In his “retraction note,” submitted before the court on April 17, 2009, two days after the trial began, Kasab alleged the confession statement was “false, bogus and involuntary,” the police tortured him in custody, the content of his statements had not been read out to him and that his signatures had been obtained by force and coercion.
‘Totally silent’
Mr. Nikam refuted the charge, saying cross-examination of investigating officers Ramesh Mahale and Prakash Marde was “totally silent” on the alleged ill-treatment. Therefore, “Kasab has miserably failed, as no case has been made out of his unwillingness to confess. [Plus], there is no foundation to believe that he was ill-treated to give a confession.”
Mr. Nikam argued: “Confession made voluntarily can be regarded as presumptive evidence of truth.
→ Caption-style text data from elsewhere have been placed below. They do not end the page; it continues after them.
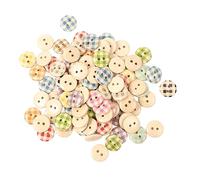 LetCart Holzknöpfe Holz Knöpfe DIY Basteln Nähen Dekorative Knöpfe robust stylisch rustikale Holzfarbe 500 Stück für Kleidung Handarbeiten (Plaid classico 15 mm/0,59 pollici)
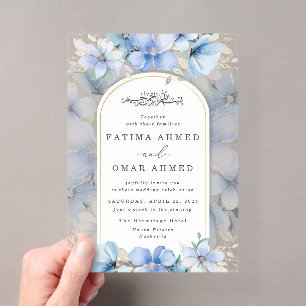Eleganter Blue Floral Garden Islamische Hochzeit Acryleinladungen
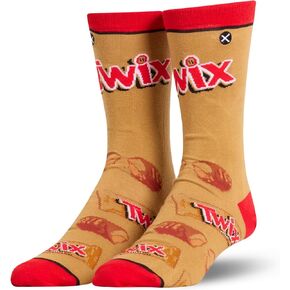 جوارب رائعة - جوارب Twix Bars Crew - مقاس كبير للرجال والنساء - رسم كراميل الشوكولاتة - مزيج قطني مريح - هدية لمحبي الوجبات الخفيفة in Kuwait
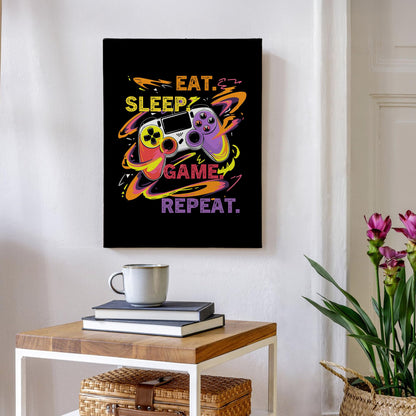 XINCEYWJ Gaming Gamer Room Wall Decor, Eat Sleep Game Repeat Canvas Art Prints Framed, Toddler Boy Room Decor, Anime Gaming Theme Wall Art for Children Youth Boy Room Nursery Room, 11x14 In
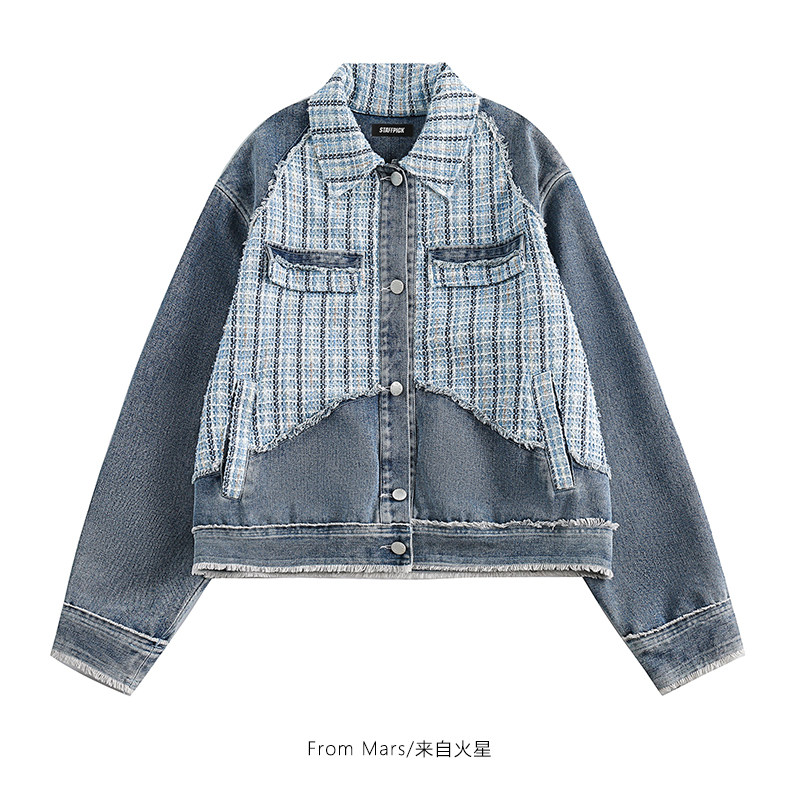 from mars 重新起航 韩版潮牌拼接格子编织牛仔外套宽松休闲夹克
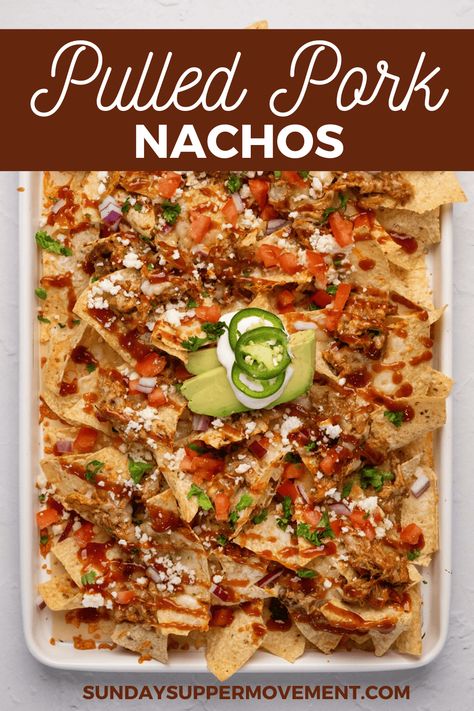 Pulled pork nachos is the best nachos recipe EVER! Our Oven Roasted Pulled Pork Nachos Recipe is full of flavor from slow cooker pulled pork, shredded cheese, veggies, and sour cream drizzle. #SundaySupper #nachosrecipe #nachorecipe #nachos #pulledporknachos #easyrecipes #dinners #gameday via @thesundaysupper Pork Roast Nachos, Pork Nachos Pulled, Shredded Pork Nachos, Pull Pork Nachos Recipe, Best Nachos Recipe, Pulled Pork Nachos Easy, Bbq Nachos Recipe Pulled Pork, Bbq Nachos Recipe, Bbq Pork Nachos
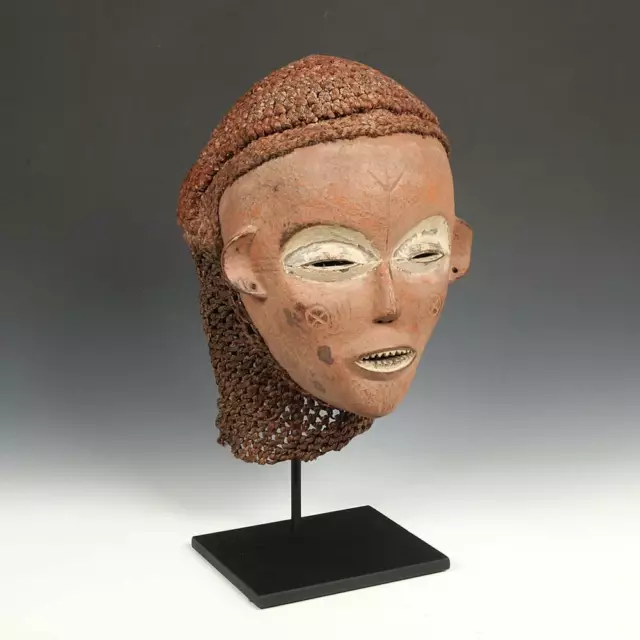 African Mask Chokwe Carved Wood Pigment Hemp Angola Central Africa 20Th C.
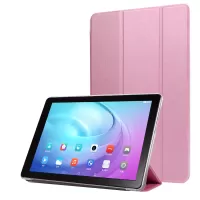 Silk Surface Tri-fold Stand Smart Leather Cover for Samsung Galaxy Tab S6 Lite/S6 Lite (2022) - Pink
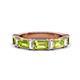 1 - Elois 2.05 ctw Emerald shape Peridot and Baguette shape Lab Grown Diamond Wedding Band 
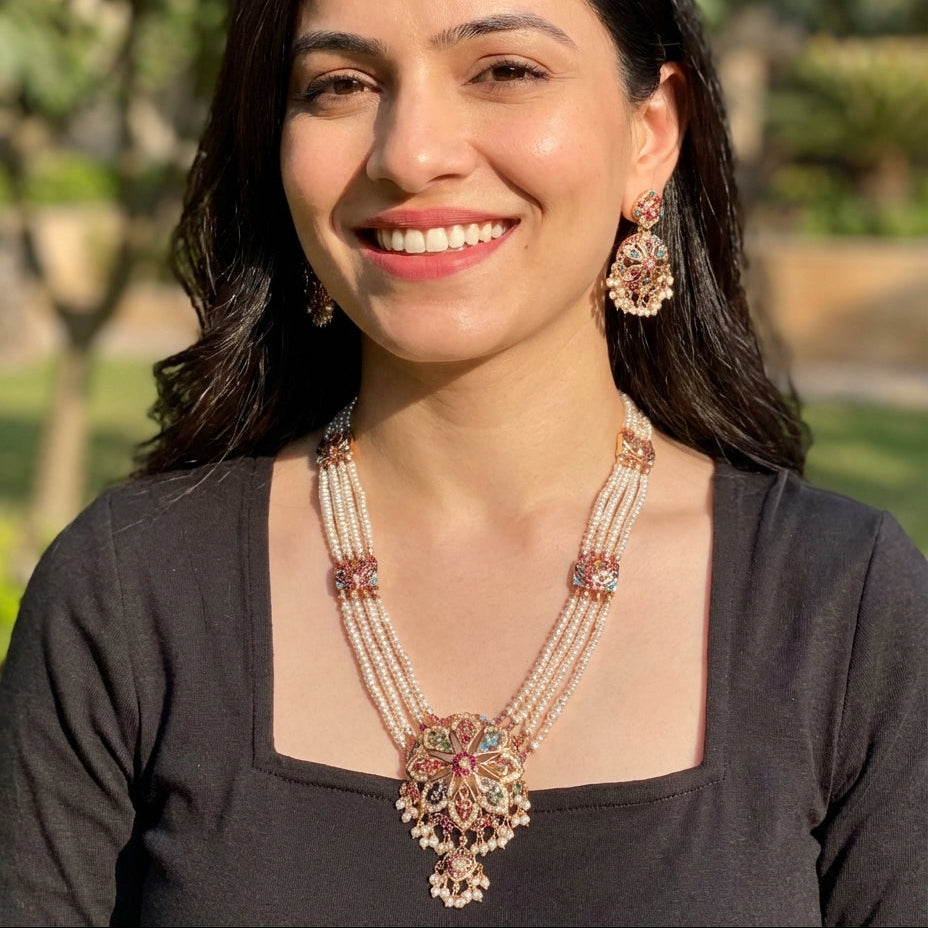 Navratana Rani Haar Set | Gold Plated on Silver | Authentic Freshwater Pearls NS 438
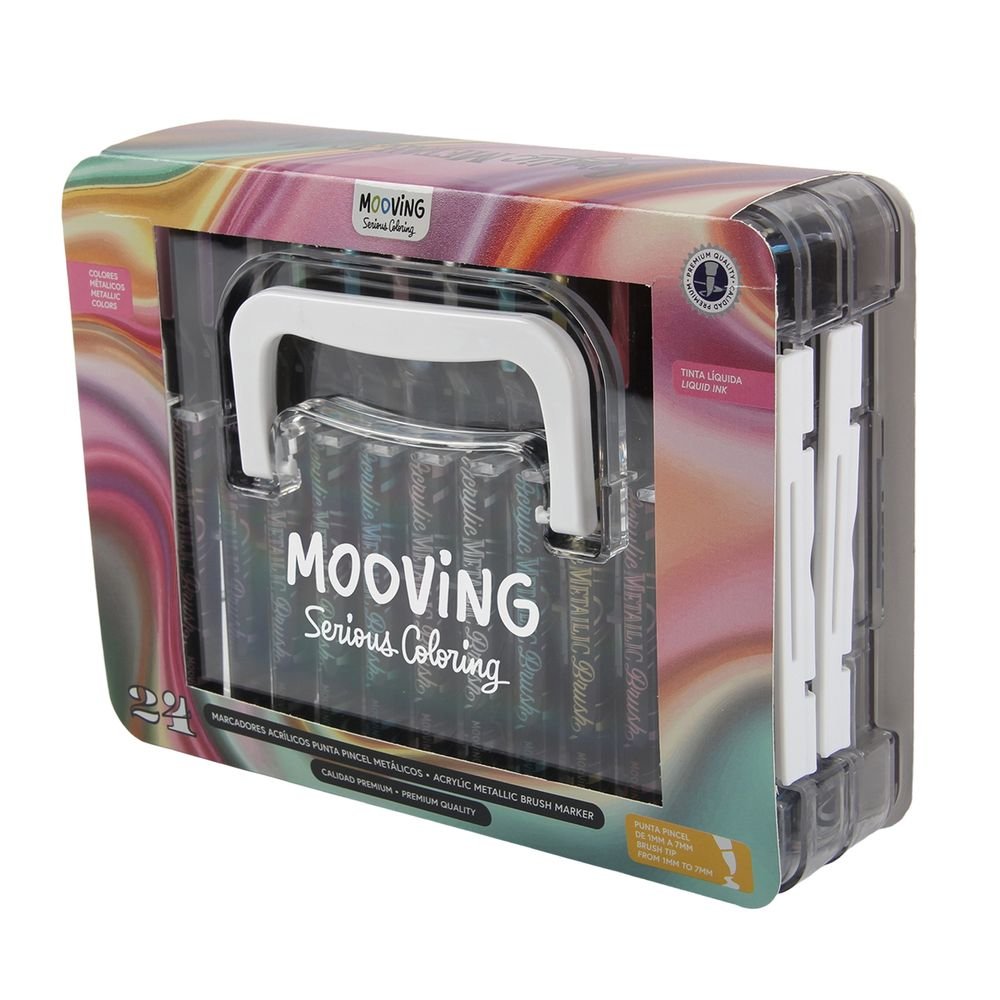 Estuche 24 rotuladores acrílicos metálicos Mooving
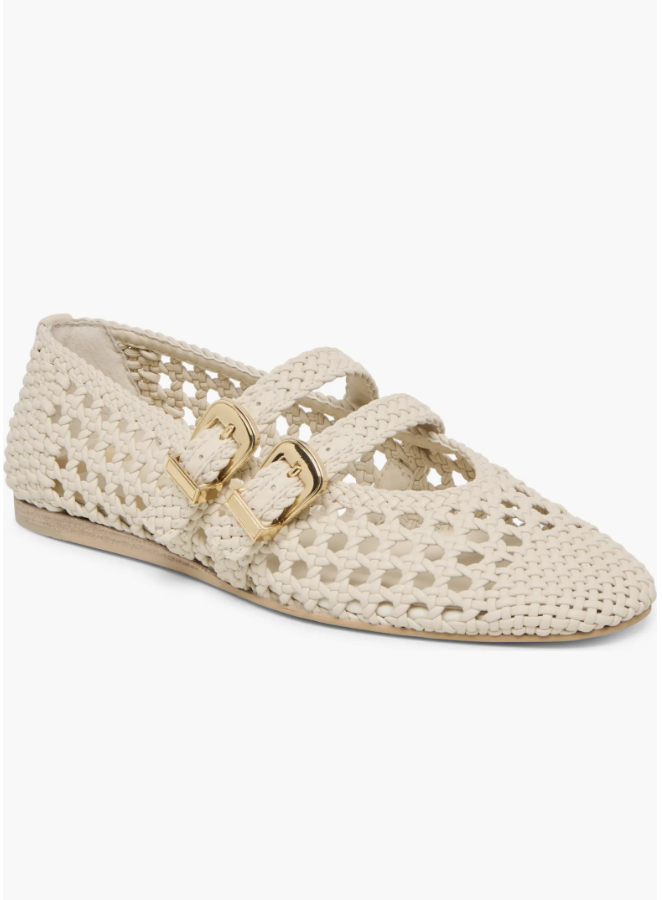 A single cream-colored woven leather Mary Jane flat with a gold buckle strap on a transparent background.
The prosecution has corroborated his confession with evidence.”
Meanwhile, the court allowed that personal belongings, including two passports, be returned to Ehsan Malik, who was a guest at the Taj Mahal Palace and Tower hotel at the time of the terror attacks.
The police were asked to return a mobile phone with battery, a laptop charger, a pen drive, and passports issued by Pakistan and the United Kingdom of Great Britain and Northern Ireland, which were left behind by Mr. Malik in his room.